Clinical Utility of the Data from ESMO 2021 in HER2+ Breast Cancer

Video

The panel analyzes the data from DESTINY-Breast03 and DESTINY-Breast01 and how these data will further impact practice.

Sara Hurvitz, MD: Neil, when you have a patient in the second-line setting, what are the end points in clinical trials that compel you to change practice? T-DM1 [trastuzumab emtansine] is supported by overall survival data from the EMILIA trial, but the DESTINY-Breast03 overall survival is not mature. It has a strong trend, but we don’t know if patients receiving crossover therapy as standard of care will have a substantial overall survival benefit. Does that sway you away from using it in the second-line setting, or are these efficacy outcomes acceptable for you to switch?

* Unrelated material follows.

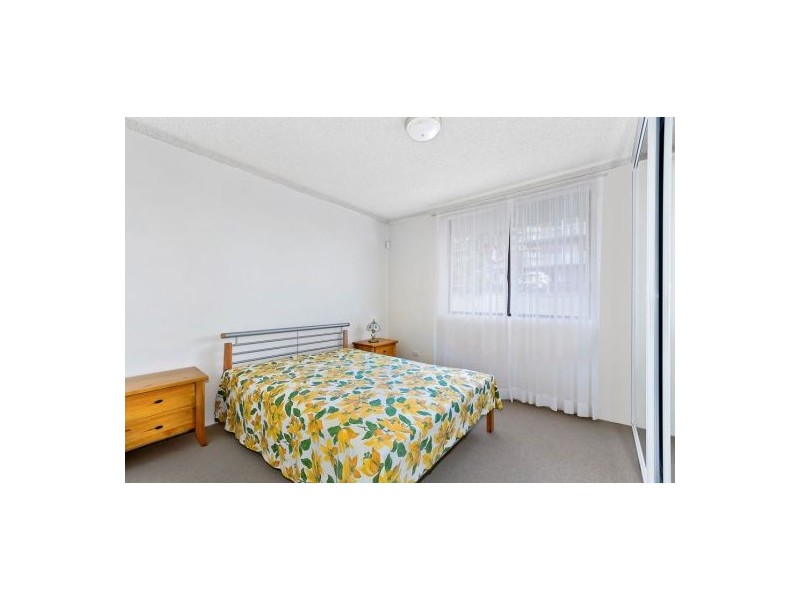 8/17 Ocean Parade, The Entrance NSW 2261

Neil Iyengar, MD: I look at the overall survival data. As we begin to see our patients with HER2 [human epidermal growth factor receptor 2]–positive disease living longer, we will wait longer for that data. Most of our patients will receive these treatments at some point. I’m looking at the progression-free survival and objective response rate, particularly if someone needs more rapid disease control. The response rate was impressive in the DESTINY-Breast01 and the DESTINY-Breast03 trials, which is important. Quality of life and the safety profile of the drug are important as well, because our patients are living longer and will likely be exposed to all these drugs at some point. Patient selection factors will matter in how we select our agents. Patients may have preferences for regimens that fit better in their lifestyle; it may not just be the data. We’re fortunate to have enough available treatments that we can have these nuanced conversations with our patients.

Sara Hurvitz, MD: Quality of life, the payload of setting—it’s important to keep track of that in these studies where we see results released. It’s not a win if patients aren’t enjoying their lives while their disease is being controlled.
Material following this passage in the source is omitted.